- From: Roy Seto <Roy.Seto@oracle.com>
- Date: Wed, 03 Oct 2001 13:31:41 -0700
- To: ietf-dav-versioning@w3.org
No, I don't have performance numbers to substantiate this concern at this point. If the extension is added later, there might be a tradeoff between simplicity and compatibility with the Proposed Standard RFC. I think the simplest semantics would default to not returning the DAV:response elements (in other words, a DAV:return-response flag is simpler than a DAV:omit-response flag). Also, I think clients should explicitly ask for the extra response information if they include cache maintenance logic to use it.

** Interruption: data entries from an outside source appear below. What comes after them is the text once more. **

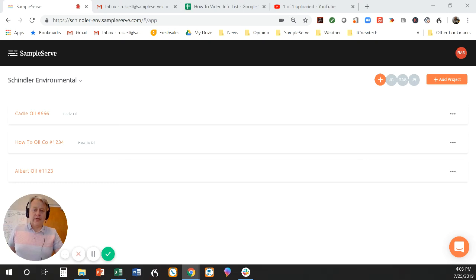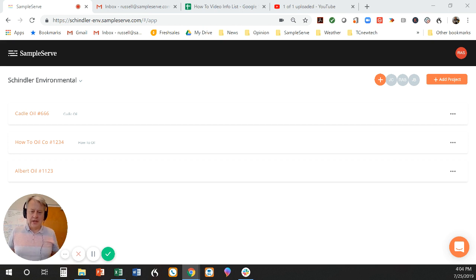Hi, I'm Russell, and in this video I'm going to show you how to locate well locations or sample locations on a sitemap, and how to get that location to stay on that sitemap.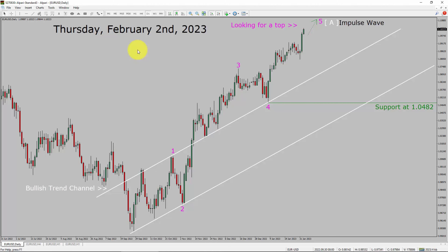Today is Thursday, February 2nd, 2023. I am going to analyze the EURUSD currency pair. Let us start the top to bottom Elliott Wave Analysis.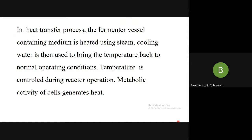First let us define what we mean by heat transfer in general terms. Heat transfer is the transfer of heat from one location to another. In this process, the fermenter vessel containing the medium is heated using steam and held at a sterilization temperature for a period of time so that sterilization can happen. Once sterilization is completed, cooling water is then used to bring the temperature back to the normal operating condition.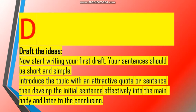D in CODER stands for drafting — keep sentences short and simple, as short and simple sentences guarantee accuracy. Introduce the topic with an attractive quote or sentence, then develop that initial sentence effectively into the main body — the middle paragraph — and later come to the conclusion.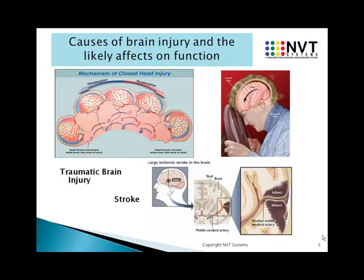We will cover the common causes of brain injury, such as trauma and stroke, and look at how the type of injury will impact on the type of deficits the person may experience.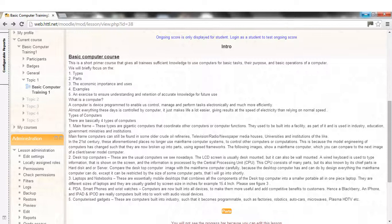4. PDA, smartphones and wristwatches, computers are now built into all devices to make them more useful and add competitive benefits to customers. Hence a BlackBerry, and iPhone, and iPad and iPod are really computers built to work with audio-visual devices.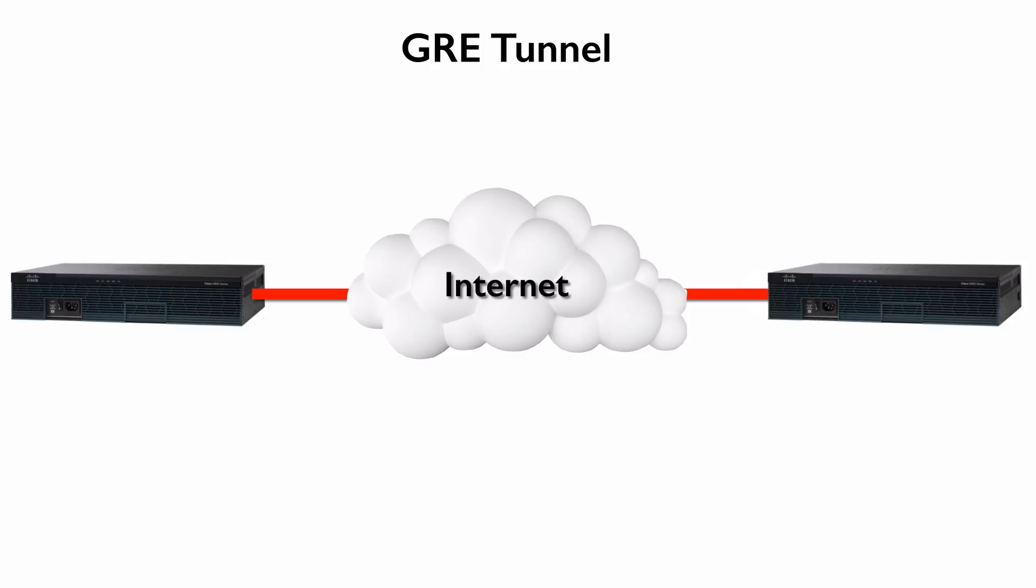GRE, however, it does have an issue, even though it is very generic. In other words, it can encapsulate just about any layer 3 protocol you can imagine, including unicast IP, multicast IP, broadcast, IPX, AppleTalk, and the list goes on and on.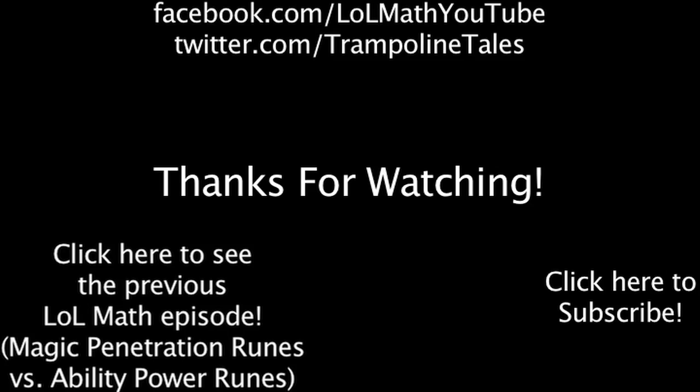Make sure to like this video if you enjoyed it, and subscribe if you'd like to be informed whenever I release new videos. Click the annotation on the screen if you'd like to see the previous LawMath episode. You can also like LawMath on Facebook at facebook.com/lawmathyoutube and follow me on Twitter at twitter.com/trampolinetales. Thanks for watching this episode of LawMath.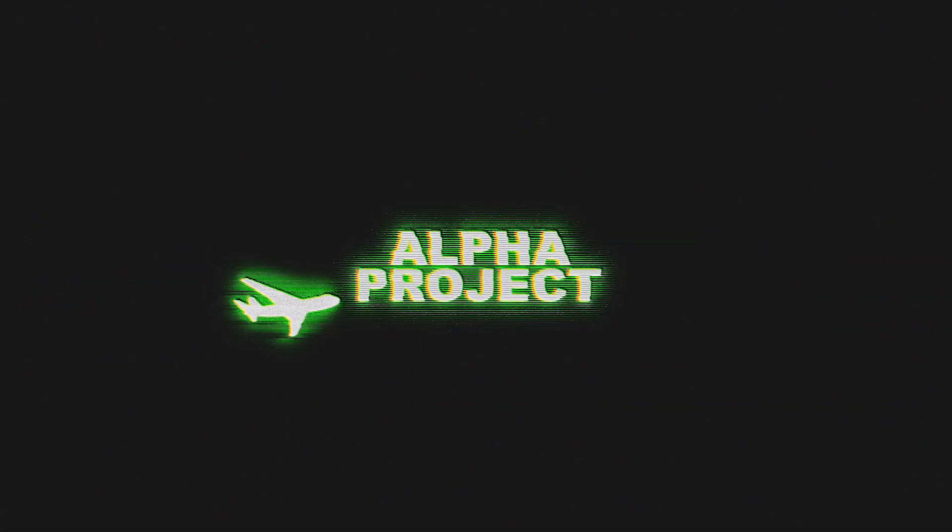Hi guys, Alpha here and in this video I am going to show you how you can get into the open beta of Euro Truck Simulator 2 and also American Truck Simulator.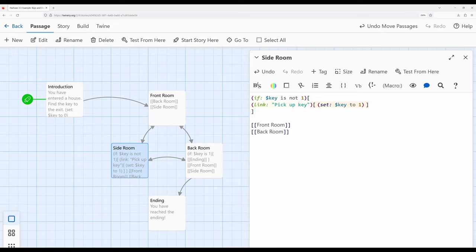This solves, in another way, the problem we ran into with the set macro in the front room — we didn't want it rerunning. In one case, we solved it by changing where we created the variable, moving it from front room to introduction. In this case, we're solving it with an additional use of the if macro, creating the new comparison: if key is not one, which means it hasn't been picked up yet, we can pick up the key.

On the other hand, making the default return the DAV:response elements would preserve the most compatibility with implementations of spec as it stands in draft-18. I think these obstacles can be overcome if necessary. Roy "Clemm, Geoff" wrote: > > From: Roy Seto [mailto:roy.seto@oracle.com] > > - Merge and update features: Add a flag to make DAV:response > elements of UPDATE optional, and to make DAV:response elements of > MERGE optional for targets modified by postcondition > DAV:descendant-version. Use case: improve response times when the > request-URL of the MERGE or UPDATE has an extremely large number > of members whose DAV:checked-in versions are modified by the > MERGE or UPDATE, and when the client's caching policy will not > benefit from the DAV:response elements enough to outweigh the > cost of adding the DAV:response elements to the response body. > > A server has to compute all of this information anyway (to do the > update), so all one would be saving would be the cost of sending the > info back (which is rather small chunk of information, compared to > what the net is set up to pass around). But if this really turns out > to be an issue in practice, it certainly would be easy to add such an > extension. Are you getting actual performance numbers on this that > concern you?